Lo malo del Chink era que parecía el Hombrecito que conoce la clave de los Grandes Enigmas. Flotante pelo blanco y albornoz sucio, rostro curtido y sandalias hechas a mano. Dientes que despertarían la envidia de un acordeón, ojos que parpadeaban como luces de moto en la niebla. Bajo pero musculoso, viejo pero apuesto y ¡ooooh el aroma humoso de su barba inmortal! Parecía como bajado a hurtadillas del techo de la Capilla Sixtina, pero pasando por un fumadero de opio de Yokohama. Parecía capaz de hablar con los animales, de discutir con ellos temas que el doctor Dolittle jamás comprendería. Parecía como desenrollado de un pergamino zen, como si hubiese dicho muchas veces «presto», y conociese el significado de la iluminación y el origen de los sueños, y como si bebiese rocío y follase serpientes. Parecía esa capa que cruje en la escalera posterior del Paraíso.
Se escrutaron con fascinación mutua. Sissy contuvo el aliento. El Chink dijo:
– Ja ja jo jo y ji ji.
Al fin, a Sissy se le ocurrió algo, pero, como si él hubiese percibido que ella estaba a punto de hablar y no quisiese las palabras de ella en aquellas orejas suyas, tan extrañamente puntiagudas, se giró y se alejó por la ladera en que había aparecido.
– ¡Espera! -gritó ella.
Él se detuvo y se volvió, pero como preparado para seguir de nuevo.
Sissy sonrió.
Alzó su maduro pulgar derecho.
Y agitándolo y moviéndolo como si fuese su actuación de despedida y hubiese de complacer a los dioses, hizo la señal de autoestop al eremita y su montaña.

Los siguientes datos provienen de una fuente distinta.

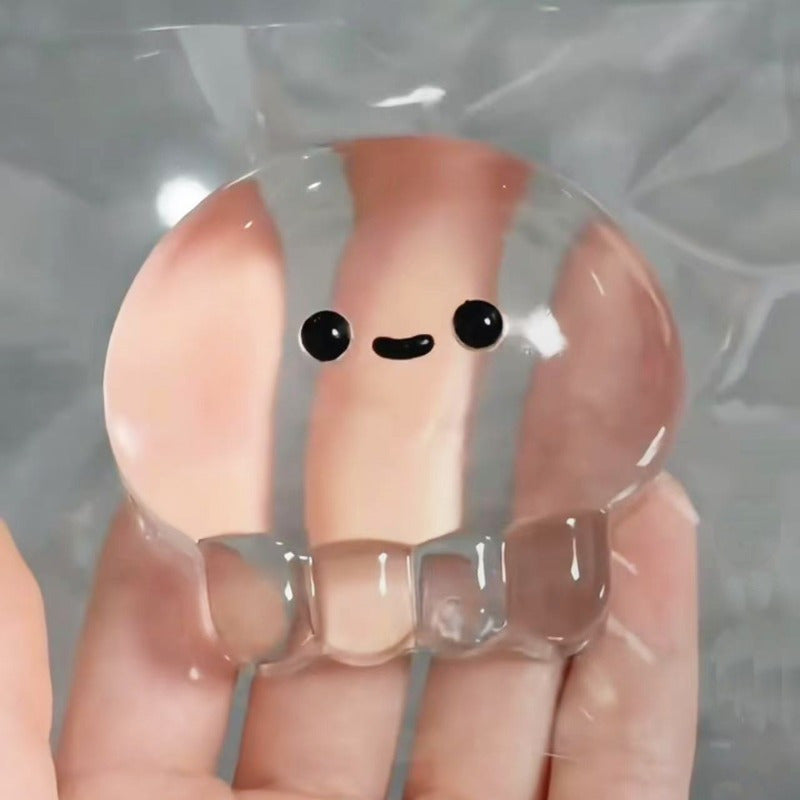 [Squishy Jellyfish Toys] Transparent Squishy Cute Jellyfish Toys | Perfect for Christmas, Halloween, And Easter Egg Hunt Party Favors, Easter Basket Fillers, Toys for Easter Parties, And Supplies for Easter Prizes That Can Fi
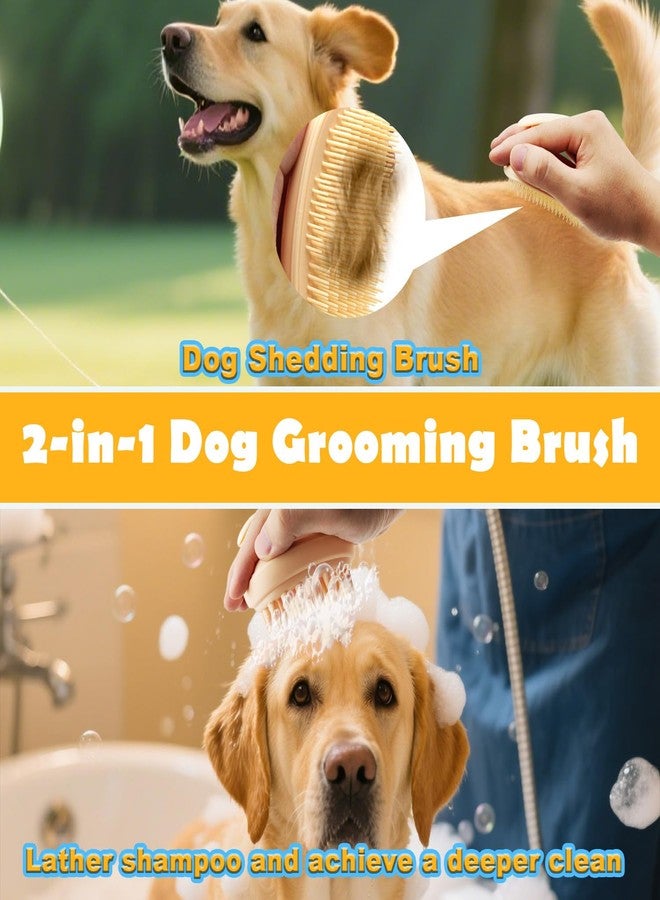 Peehss 2-in-1 Dog Bath Brush for Grooming & Massage - Pet Silicone Brush for Long & Short Haired Dogs and Cats, Dog Scrubber for Bath, Rubber Curry Brush, Use Wet as Bath Brush or Dry for Grooming - Image 2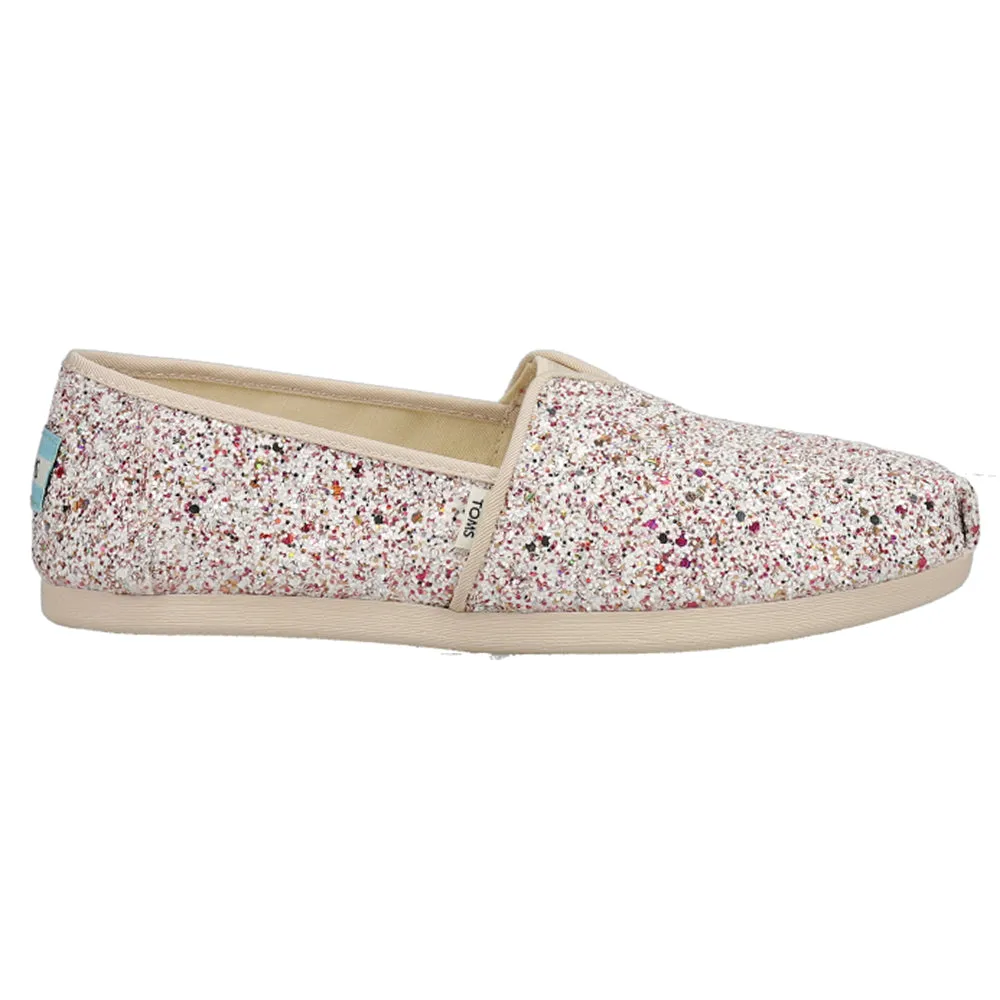 Vegan Slip On Boots Alpargata Glitter Slip On Flats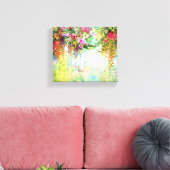 Bloemkunst Canvas Afdruk (Insitu (Woonkamer))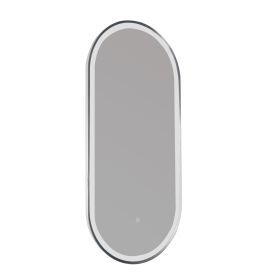 Just Taps OVAL LED Illuminated Bathroom Mirror 1000mm H x 450mm W  With Light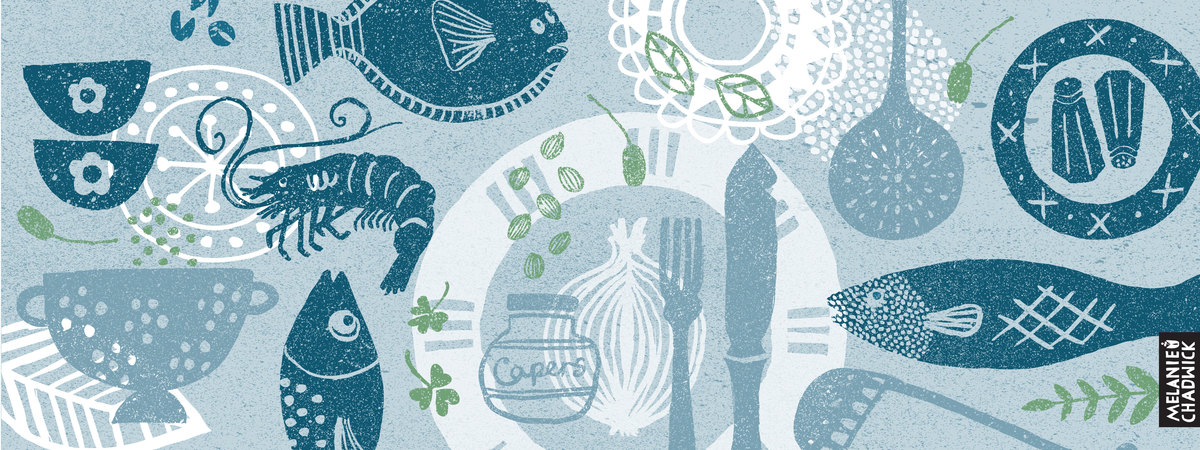 Fish Supper by Mel Chadwick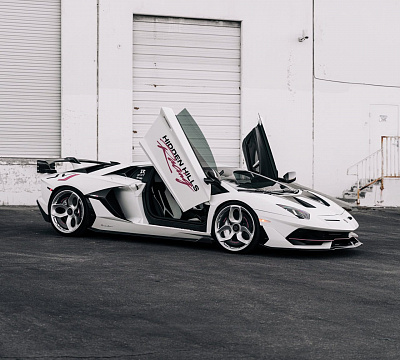 Фото дисков Brixton Forged NC01-R на Lamborghini Aventador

Consiguió un viaje hasta la fábrica del tiempo.
No soy de tu raza. Pertenezco al clan mongol que trajo al mundo una verdad monstruosa: la autenticidad de la vida y el conocimiento del ritmo… Haces bien en rodearme de cien mil bayonetas de ilustraci ón occidental, pues ay de ti si dejo la oscuridad de mi cueva y me lanzo a apagar tus clamores.
blaise cendrars
AQUEL AÑO POR Navidad, Julián regaló a Sissy un pueblo tirolés en miniatura. Era un notable trabajo de artesanía.
Había una pequeña catedral cuyas vidrieras hacían ensalada de frutas de la luz del sol. Había una plaza y ein Biergarcen. La Biergarcen se ponía muy ruidosa las noches de los sábados. Había una panadería que olía siempre a pan tierno y pastel de queso. Había un ayuntamiento y una comisaría, y tribunales con notable cantidad de burocracia y corrupción. Había pequeños tiroleses de pantalones cortos de cuero, intrincadamente hilvanados, y, bajo los pantalones, genitales de artesanía igualmente perfecta. Había tiendas de esquíes y otras muchas cosas interesantes, incluyendo un orfanato. El orfanato estaba diseñado de modo que se incendiase y ardiese entero todas las Nochebuenas. Los huérfanos salían a la nieve con los pijamas ardiendo. Horrible. Hacia la segunda semana de enero, aparecía un inspector de incendios y contemplaba las ruinas, murmurando: «Si me hubiesen escuchado, esos niños estarían aún vivos.»